§ TASK INSTRUCTIONS: Word for word, return the lines below from the first through the line that has "Christiane Rocker Chaise", dropping the pictures.

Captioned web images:
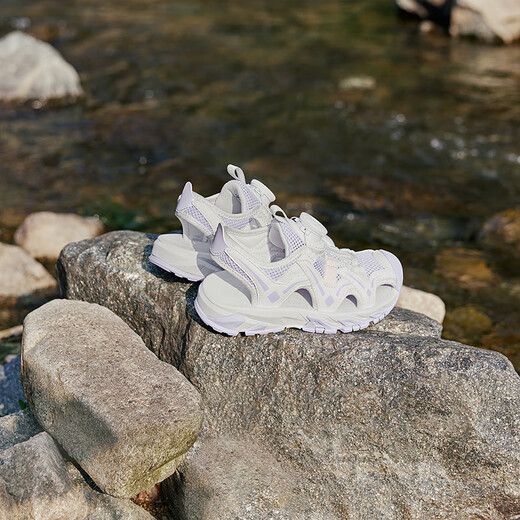 Jordan (QIAODAN) children's shoes, children's sandals, new summer girls' river shoes, Baotou non-slip children's beach shoes, Jordan White/Kapok Purple 29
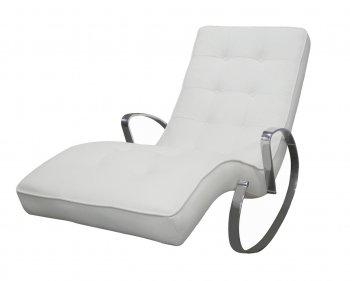 Christiane Rocker Chaise in White Leatherette by Whiteline [WLCL-Christiane White]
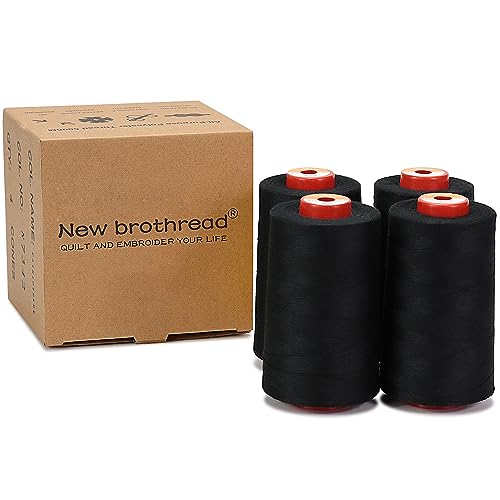 New brothread 4 Large Cones All Purpose Polyester Thread -Black - color: 4xBlack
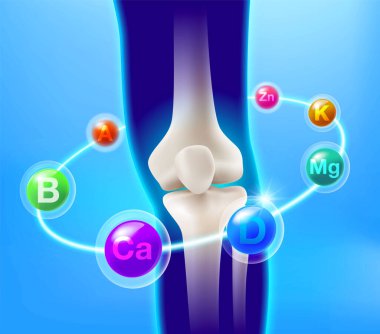 Vitaminler kemikler ve alt bacaklar etrafında döner. Diz ve kemik eklemleri için besin maddeleri. Multivitamin reklamları için vektör illüstrasyonuName.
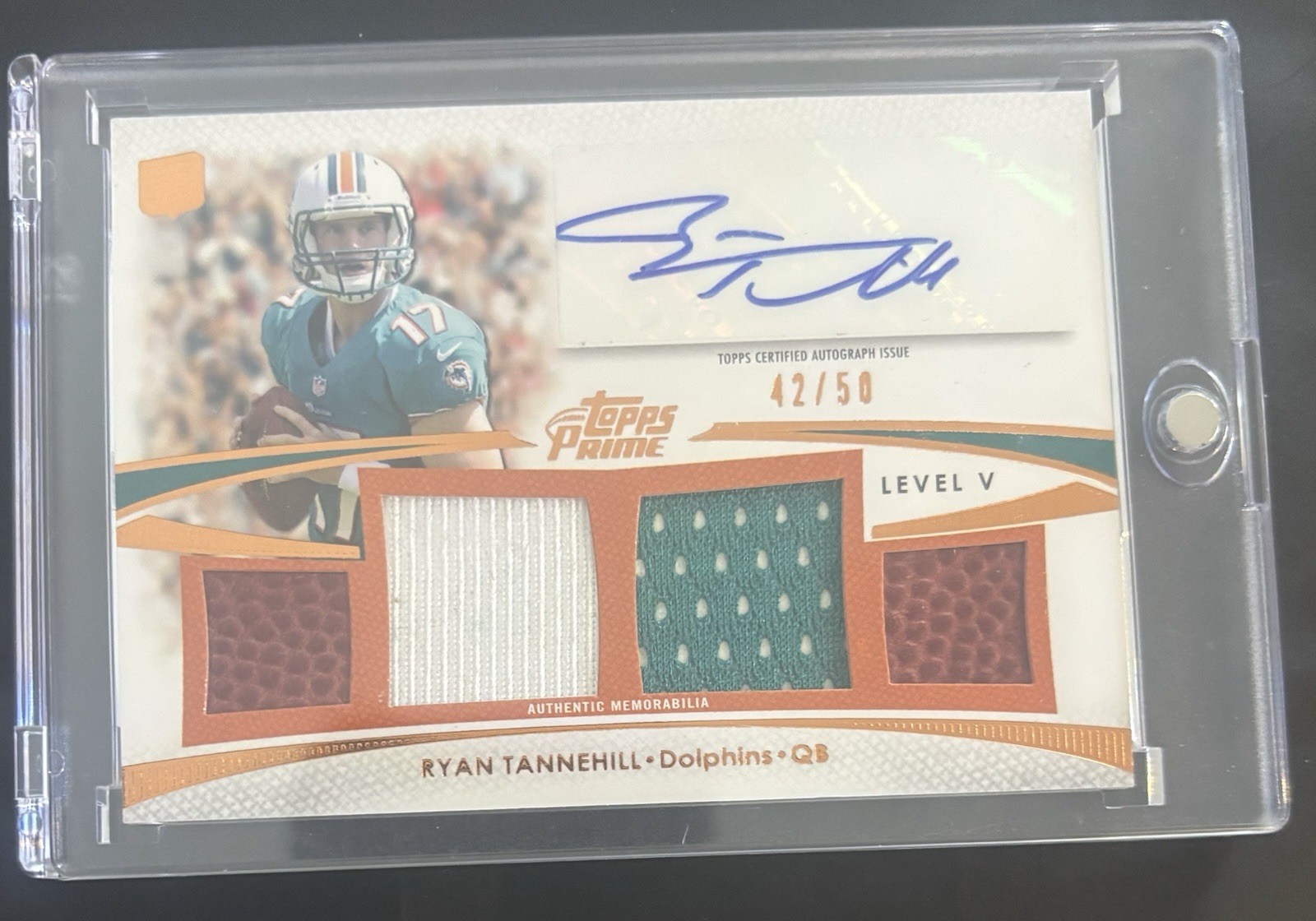 Ryan Tannehill Topps Prime Level V Autograph Relics #PVRT Copper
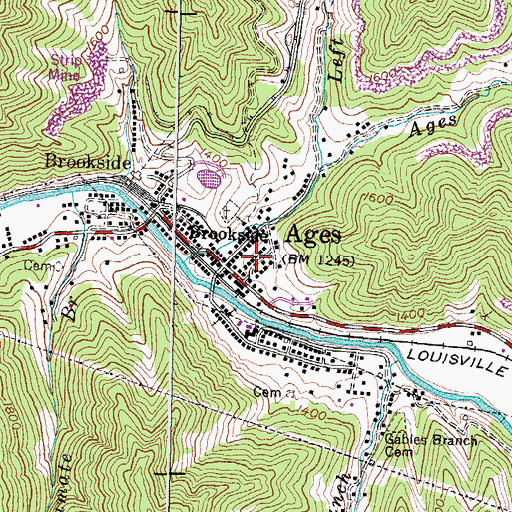 Topographic Map of Ages, KY
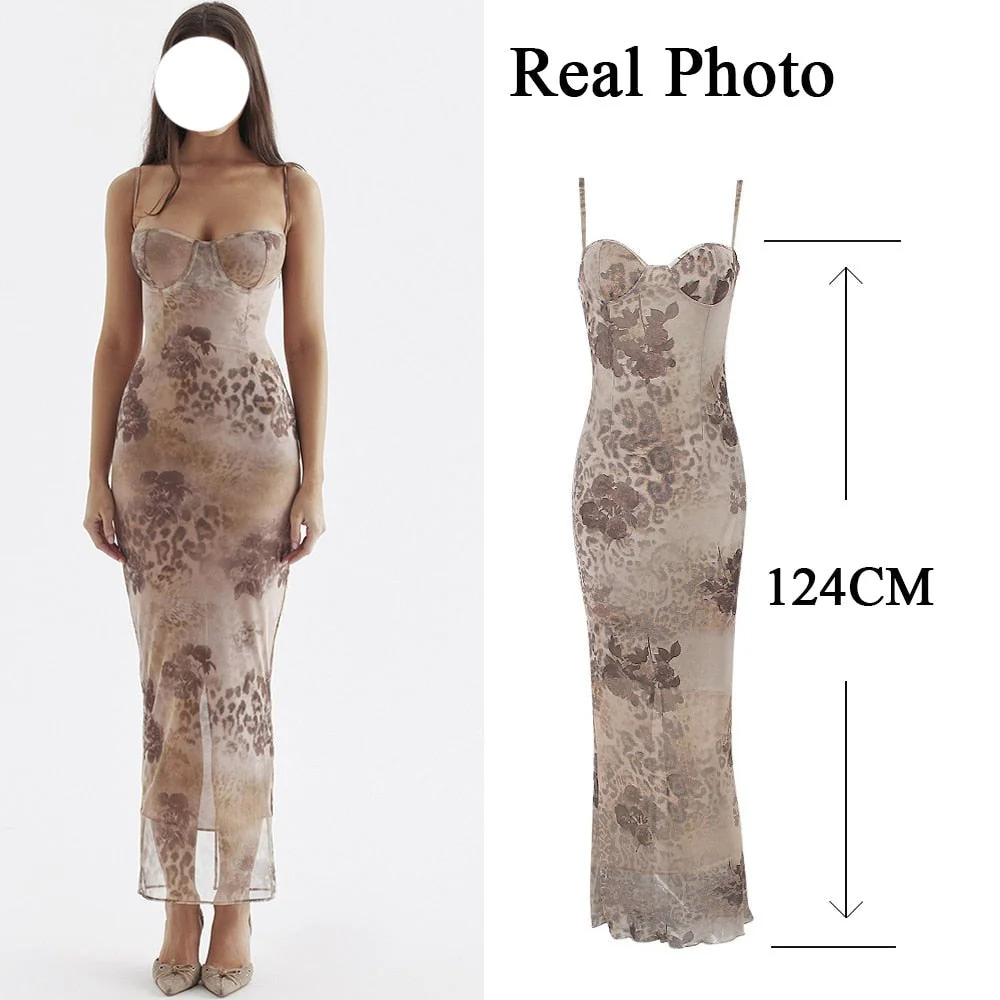 Hulianfu Floral Print Maxi Prom Dress Sexy Mesh Celebrity Evening Party Dresses Bodycon Spaghetti Strap Summer Women Dresses - Deanwangkt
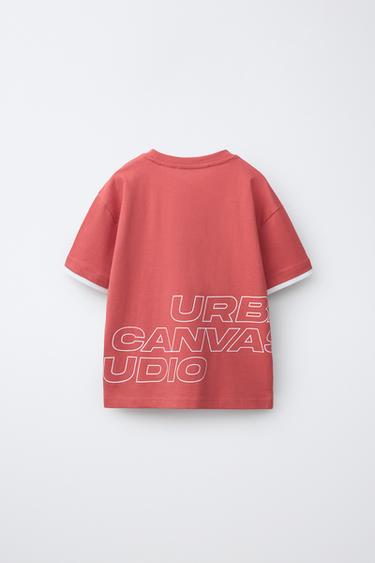 PYJAMA DOUBLE MANCHES IMPRIMÉ INSCRIPTION 6-14 ANS - Rouge de Zara - Image 2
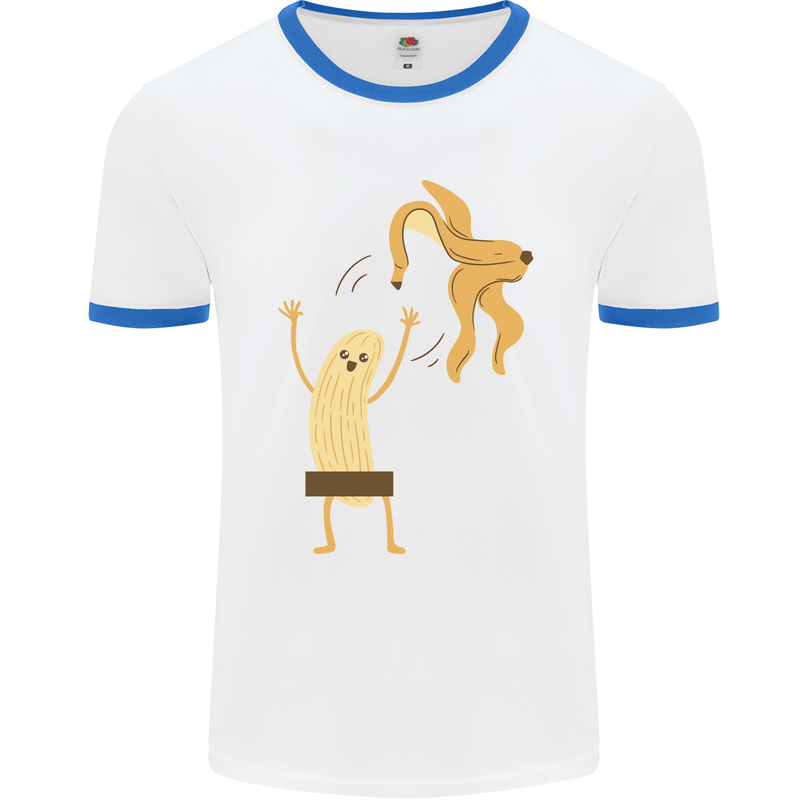 Get Naked Censored Banana Funny Mens White Ringer T-Shirt White/Royal Blue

§ RESPONSE AREA:
 Jordan (QIAODAN) children's shoes, children's sandals, new summer girls' river shoes, Baotou non-slip children's beach shoes, Jordan White/Kapok Purple 29
 Christiane Rocker Chaise in White Leatherette by Whiteline [WLCL-Christiane White]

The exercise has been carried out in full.